Выбрать главу

Амнистія!.. Вся толпа пѣла и пѣніе ея быстро пріобрѣтало торжественность и стройность. Пѣсня лилась, какъ рыданіе. Московская улица, ожившая въ свободѣ, рыдала надъ покойниками и требовала освобожденія живыхъ жертвъ борьбы.

Многіе дѣйствительно плакали. Группы пожилыхъ людей, преимущественно изъ интеллигенціи, въ шляпахъ и очкахъ, шагали, взявшись за руки, и плакали горючими слезами. Отъ слезъ голосъ ихъ прерывался и они не могли пѣть съ другими. Это была мечта ихъ молодости, внезапно воплощенная въ жизнь.

Плакали, впрочемъ, и рабочіе, пожилые мужики въ картузахъ и высокихъ сапогахъ. Освободительная борьба длилась много лѣтъ и унесла много жертвъ. Не одинъ изъ шедшихъ потерялъ въ ней брата или сына.

— Амнистія, амнистія!..

Въ толпѣ выросло по отношенію къ заключеннымъ нѣжное, растроганное чувство, какъ къ милымъ родственникамъ, близкимъ и страдающимъ.

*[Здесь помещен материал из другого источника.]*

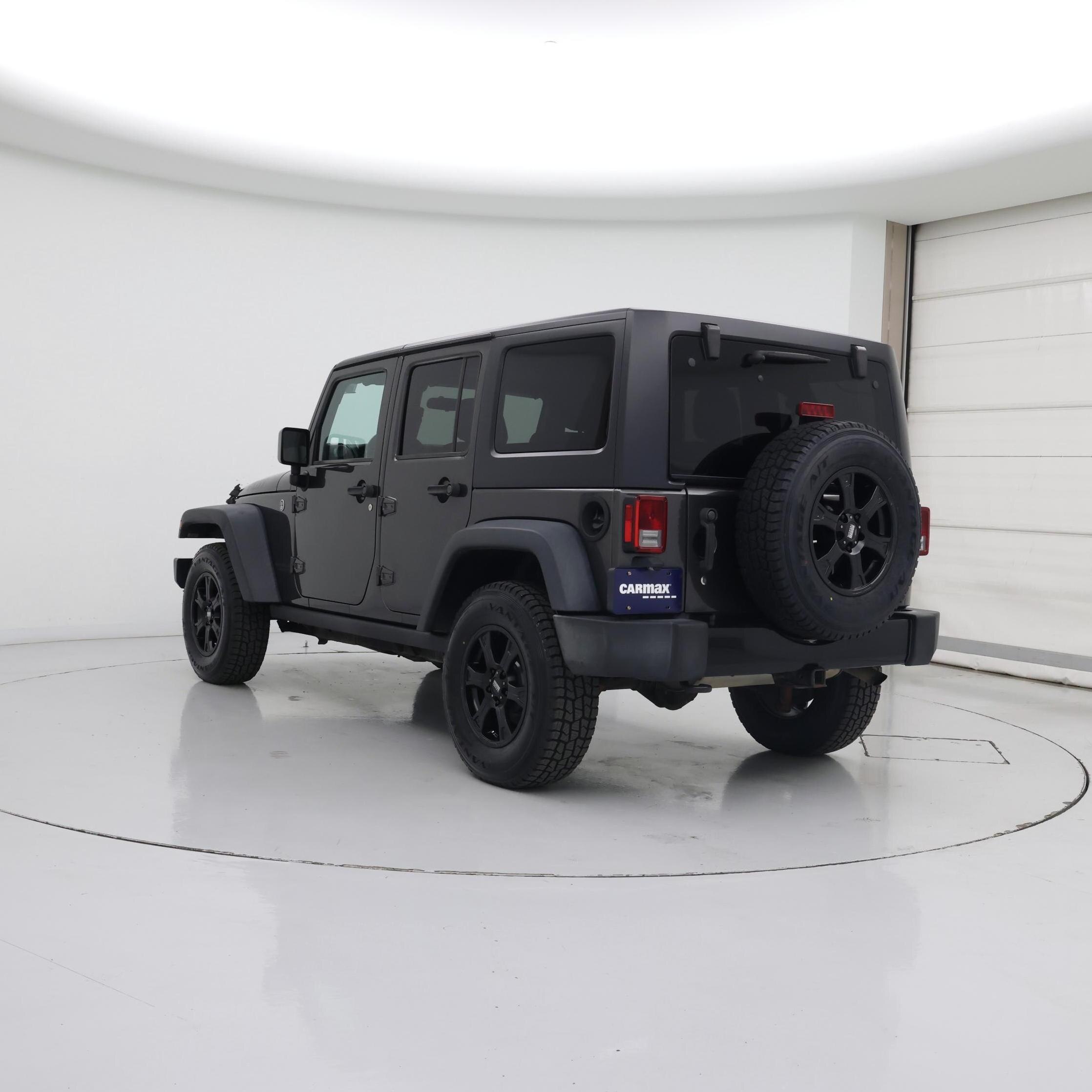 Thumbnail: 2017 Jeep Wrangler - 2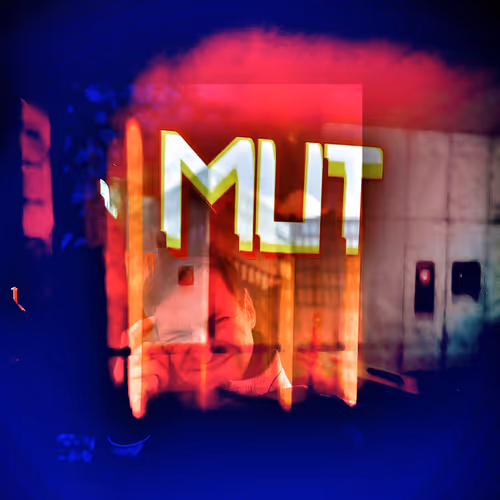 COURage - URF8xE7JBo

— Бѣдненькіе, — причитали бабы вслухъ, — дѣточки, въ тюрьмѣ, одни, не съ нами…

— Амнистія!..

Знамена вѣяли, толпа шла впередъ. И даже на небѣ порѣдѣли облака и солнце послало толпѣ свой блѣдный осенній лучъ, какъ будто и оно хотѣло праздновать вмѣстѣ съ нею этотъ незабвенный день.

Сенька тоже пѣлъ и плакалъ и голосилъ вмѣстѣ съ другими. Толпа захватила его полной властью и по временамъ онъ не сознавалъ себя и былъ, какъ песчинка въ вихрѣ или малая капля воды въ бѣгущемъ потокѣ. И вдругъ въ самомъ разгарѣ своего новаго экстаза онъ увидѣлъ Машу, которая шла въ трехъ шагахъ впереди его, но безъ отца.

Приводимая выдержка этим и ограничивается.